Nothing to worry about. I’ll go check.” I don’t recall if Mom grabbed any
weapon (her choices would have included a baseball bat, umbrella, or cast-iron
frying pan—no guns). But she would descend to the basement, check things out,
and return with a smile. “Like I said, just Casper the Friendly Ghost.”
As an adult, I asked Mom about
Casper, and she laughed. Mom admitted the
noises often seemed as scary to her as they did to us, but she didn’t want her
daughters to grow up fearful. Mom was brave.
Funny thing. I don’t ever remember seeing Mom in her bed. I’m certain I did, but it’s not among my memories. I grew up in a single-parent household, and Mom worked fulltime—our all-female household’s sole support. When we were little, a great aunt stayed with us during the week. Still Mom did all the laundry, a lot of the cooking, and she cleaned the house on Saturdays (a family affair when my sisters and I were old enough to participate).

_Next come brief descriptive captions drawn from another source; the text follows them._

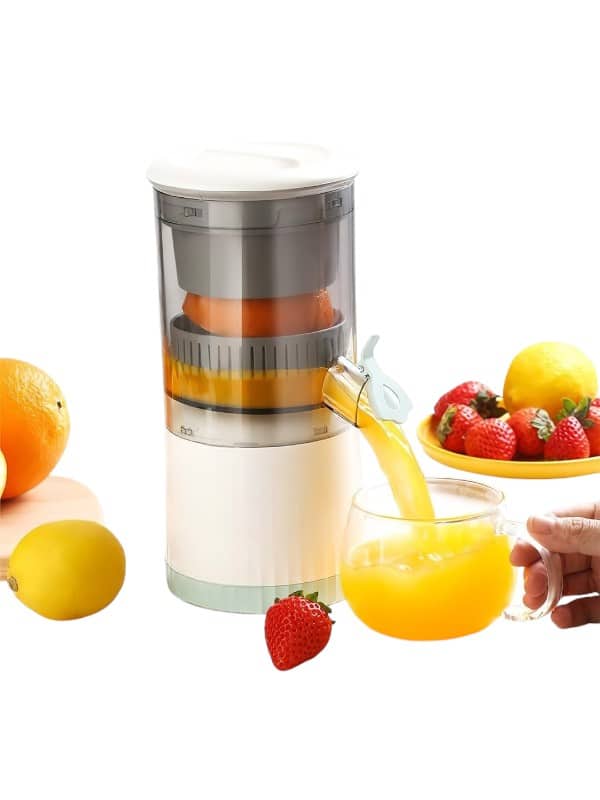 2b0c65cb-5a02-4142-92a4-9ab8ad4d9081-Photoroom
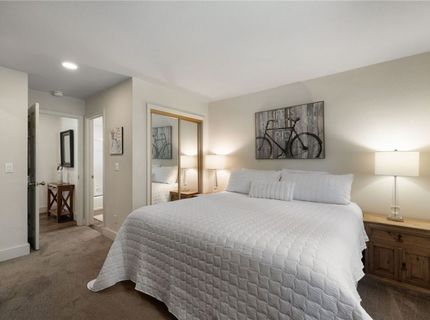 120 Village Boulevard, Unit 153, Incline Village, NV 89451 Photo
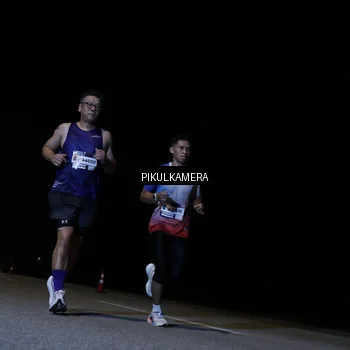 Runner Photo 7514329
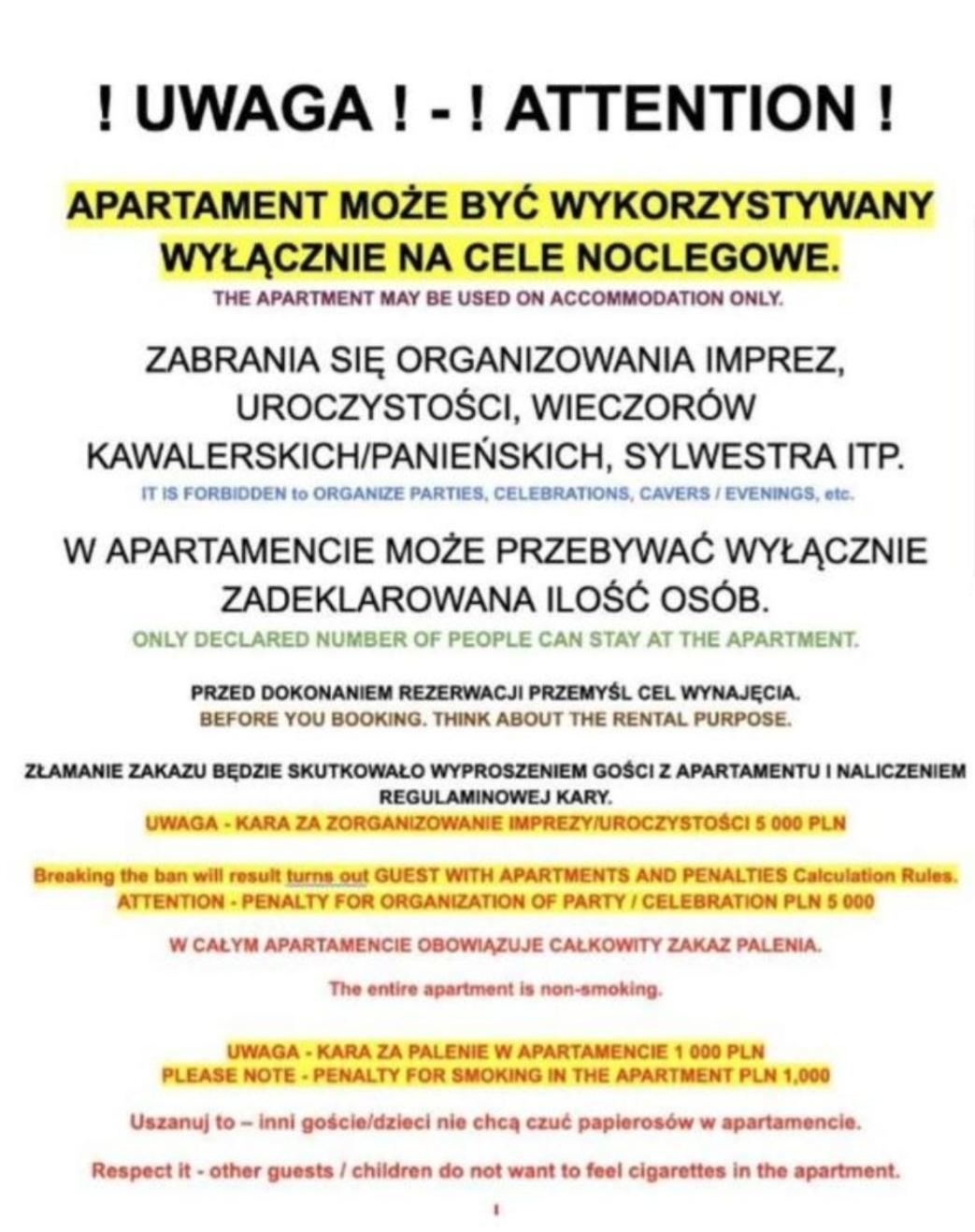 Kopernik Premium Rooms Apartment Stary Toruń Exterior foto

For years, if I happened to wake around , I’d find Mom either ironing clothes or studying. After she graduated high school during the Depression (early since she skipped two grades), Mom immediately went to work to help support her family so her younger brother could stay in school. Later, when we were kids, Mom took accounting correspondence courses so she could get a better job. She did. Of course, it didn’t pay the same as the man she replaced, but that’s another story. Mom was smart, determined, hard-working, and fiercely loyal to her family.
Like any teenager, I had my share of rows with my mother since I inherited her stubborn streak. But I never doubted her love, and I always, always admired her character. Though she’s been gone many years, I still miss her. Yet I often hear what I like to think is her voice, sharing the mantra she ingrained in me when I was young—“You can do anything you set your mind to.”
I dedicated my last novel—LIES: SECRETS CAN KILL—to Mom. I was waiting for the perfect fit, a novel with a heroine who demonstrates all her qualities. Mom inspired this book, a 1938 romantic suspense set in my mother’s era. Even though my other novels feature other dedications, I’ve yet to write a novel that isn’t influenced by my mother. Thank you.